Pourtant, signale M. Damphousse de l’ADNF, une des études réalisées pour le compte de Santé Canada dans le but d’évaluer le système actuel de messages de santé indique tout le contraire : déjà maintenant, pas moins de 40 % des fumeurs disent que ces messages les incitent à réduire leur consommation ou à faire une tentative de cessation.

Promotion aux points de vente

Le ministre Rock entend aussi s’attaquer à la promotion du tabac dans les dizaines de milliers de points de vente à travers le Canada, promotion qui, selon lui, vise à recruter de nouveaux fumeurs chez les jeunes.

L’industrie du tabac dépense 60 millions $ pour la promotion aux points de vente, constate le ministre. D’où la nécessité, selon lui, de bien faire la distinction entre « les communications légales destinées aux adultes », d’une part, et « le marketing auprès des enfants », de l’autre.

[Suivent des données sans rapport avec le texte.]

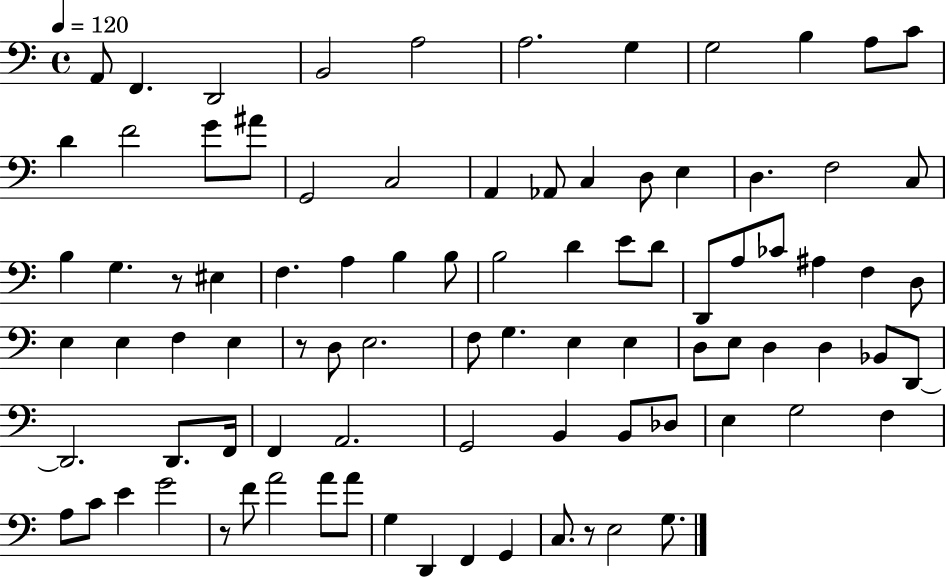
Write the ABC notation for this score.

X:1
T:Untitled
M:4/4
L:1/4
K:C
A,,/2 F,, D,,2 B,,2 A,2 A,2 G, G,2 B, A,/2 C/2 D F2 G/2 ^A/2 G,,2 C,2 A,, _A,,/2 C, D,/2 E, D, F,2 C,/2 B, G, z/2 ^E, F, A, B, B,/2 B,2 D E/2 D/2 D,,/2 A,/2 _C/2 ^A, F, D,/2 E, E, F, E, z/2 D,/2 E,2 F,/2 G, E, E, D,/2 E,/2 D, D, _B,,/2 D,,/2 D,,2 D,,/2 F,,/4 F,, A,,2 G,,2 B,, B,,/2 _D,/2 E, G,2 F, A,/2 C/2 E G2 z/2 F/2 A2 A/2 A/2 G, D,, F,, G,, C,/2 z/2 E,2 G,/2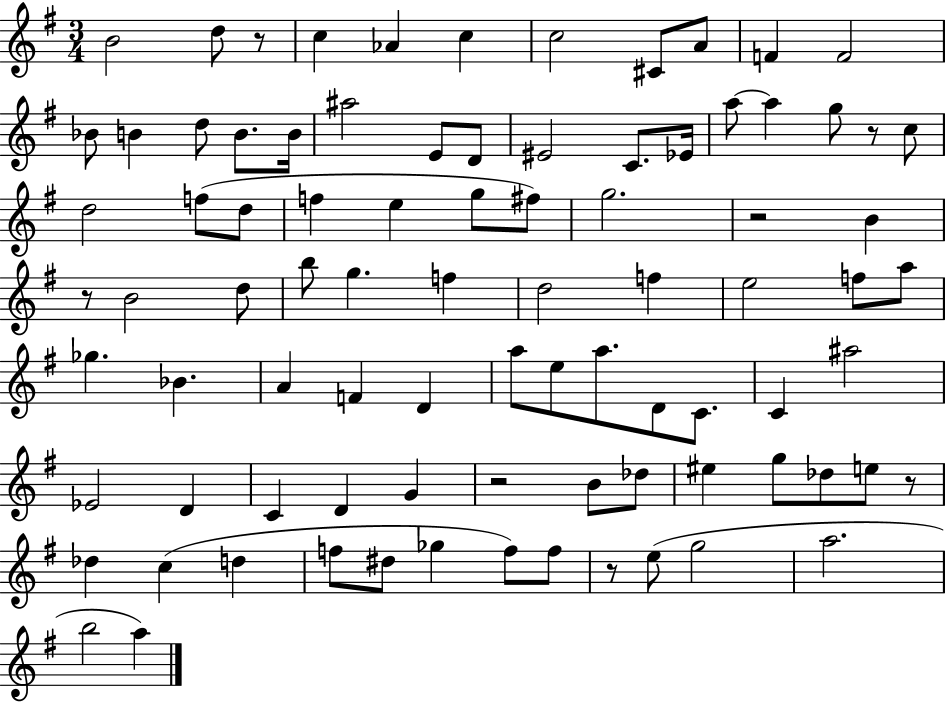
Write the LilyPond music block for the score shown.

{
  \clef treble
  \numericTimeSignature
  \time 3/4
  \key g \major
  b'2 d''8 r8 | c''4 aes'4 c''4 | c''2 cis'8 a'8 | f'4 f'2 | \break bes'8 b'4 d''8 b'8. b'16 | ais''2 e'8 d'8 | eis'2 c'8. ees'16 | a''8~~ a''4 g''8 r8 c''8 | \break d''2 f''8( d''8 | f''4 e''4 g''8 fis''8) | g''2. | r2 b'4 | \break r8 b'2 d''8 | b''8 g''4. f''4 | d''2 f''4 | e''2 f''8 a''8 | \break ges''4. bes'4. | a'4 f'4 d'4 | a''8 e''8 a''8. d'8 c'8. | c'4 ais''2 | \break ees'2 d'4 | c'4 d'4 g'4 | r2 b'8 des''8 | eis''4 g''8 des''8 e''8 r8 | \break des''4 c''4( d''4 | f''8 dis''8 ges''4 f''8) f''8 | r8 e''8( g''2 | a''2. | \break b''2 a''4) | \bar "|."
}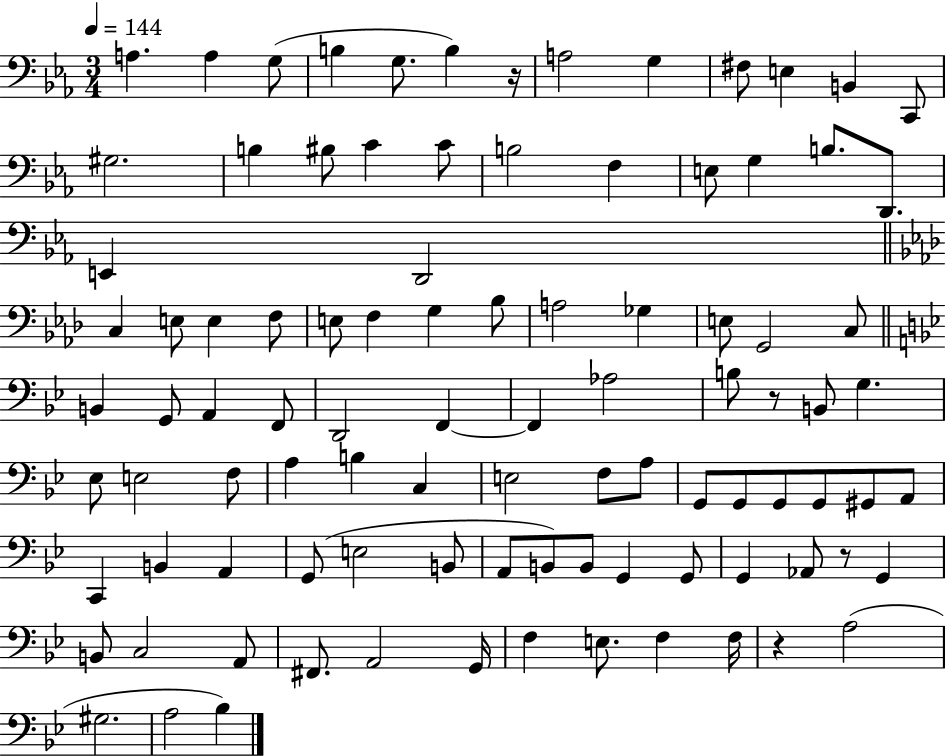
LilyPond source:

{
  \clef bass
  \numericTimeSignature
  \time 3/4
  \key ees \major
  \tempo 4 = 144
  \repeat volta 2 { a4. a4 g8( | b4 g8. b4) r16 | a2 g4 | fis8 e4 b,4 c,8 | \break gis2. | b4 bis8 c'4 c'8 | b2 f4 | e8 g4 b8. d,8. | \break e,4 d,2 | \bar "||" \break \key aes \major c4 e8 e4 f8 | e8 f4 g4 bes8 | a2 ges4 | e8 g,2 c8 | \break \bar "||" \break \key bes \major b,4 g,8 a,4 f,8 | d,2 f,4~~ | f,4 aes2 | b8 r8 b,8 g4. | \break ees8 e2 f8 | a4 b4 c4 | e2 f8 a8 | g,8 g,8 g,8 g,8 gis,8 a,8 | \break c,4 b,4 a,4 | g,8( e2 b,8 | a,8 b,8) b,8 g,4 g,8 | g,4 aes,8 r8 g,4 | \break b,8 c2 a,8 | fis,8. a,2 g,16 | f4 e8. f4 f16 | r4 a2( | \break gis2. | a2 bes4) | } \bar "|."
}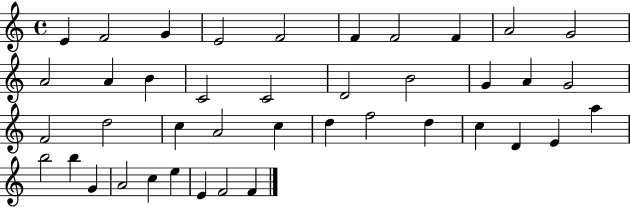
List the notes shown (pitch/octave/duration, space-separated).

E4/q F4/h G4/q E4/h F4/h F4/q F4/h F4/q A4/h G4/h A4/h A4/q B4/q C4/h C4/h D4/h B4/h G4/q A4/q G4/h F4/h D5/h C5/q A4/h C5/q D5/q F5/h D5/q C5/q D4/q E4/q A5/q B5/h B5/q G4/q A4/h C5/q E5/q E4/q F4/h F4/q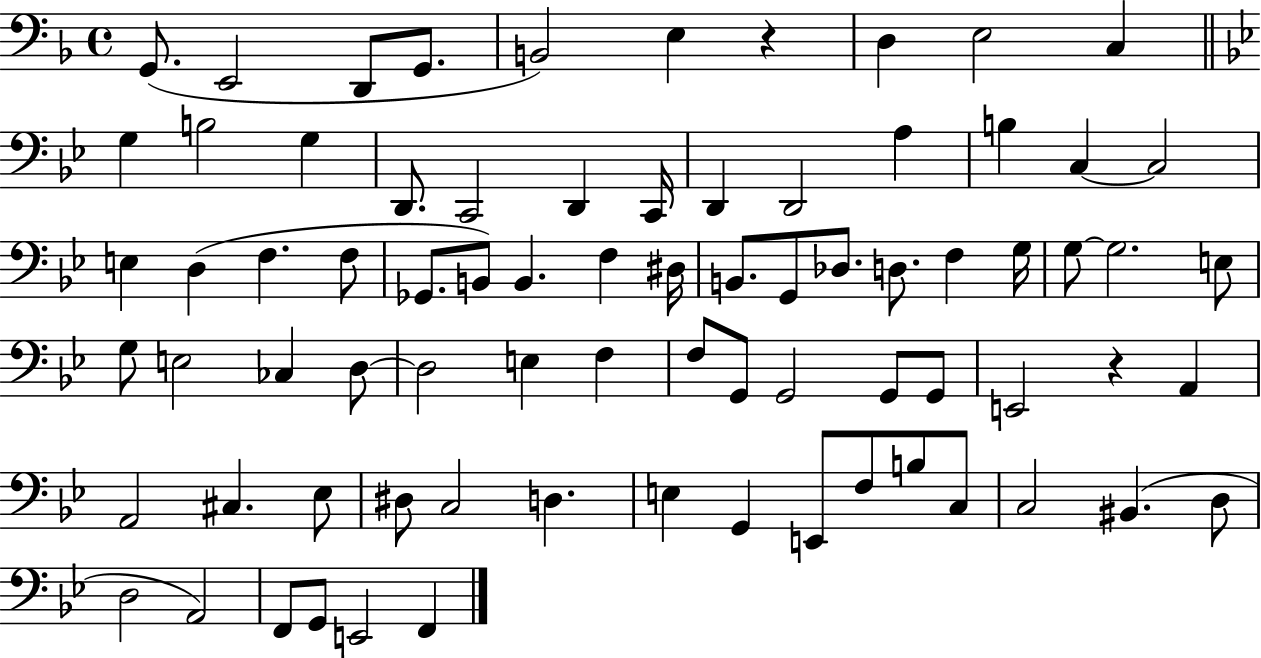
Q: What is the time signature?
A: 4/4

Cependant, conscient sans doute que la réglementation dans ce domaine pourrait provoquer des réactions très négatives des détaillants, M. Rock et son ministère se contentent pour le moment d’énumérer des options réglementaires.

Pour réduire la visibilité du tabac dans les points de vente, on pourrait par exemple :

  • obliger les détaillants à présenter tous les produits du tabac en un seul endroit;
  • limiter la surface d’étalage à X m2;
  • limiter le nombre de paquets présentés;
  • obliger les détaillants à placer les paquets de manière à ce que seuls les côtés soient visibles.

Il pourrait aussi y avoir des restrictions sur le genre d’affiches autorisé, allant de l’interdiction de l’utilisation d’images à la publication d’avertissements sanitaires.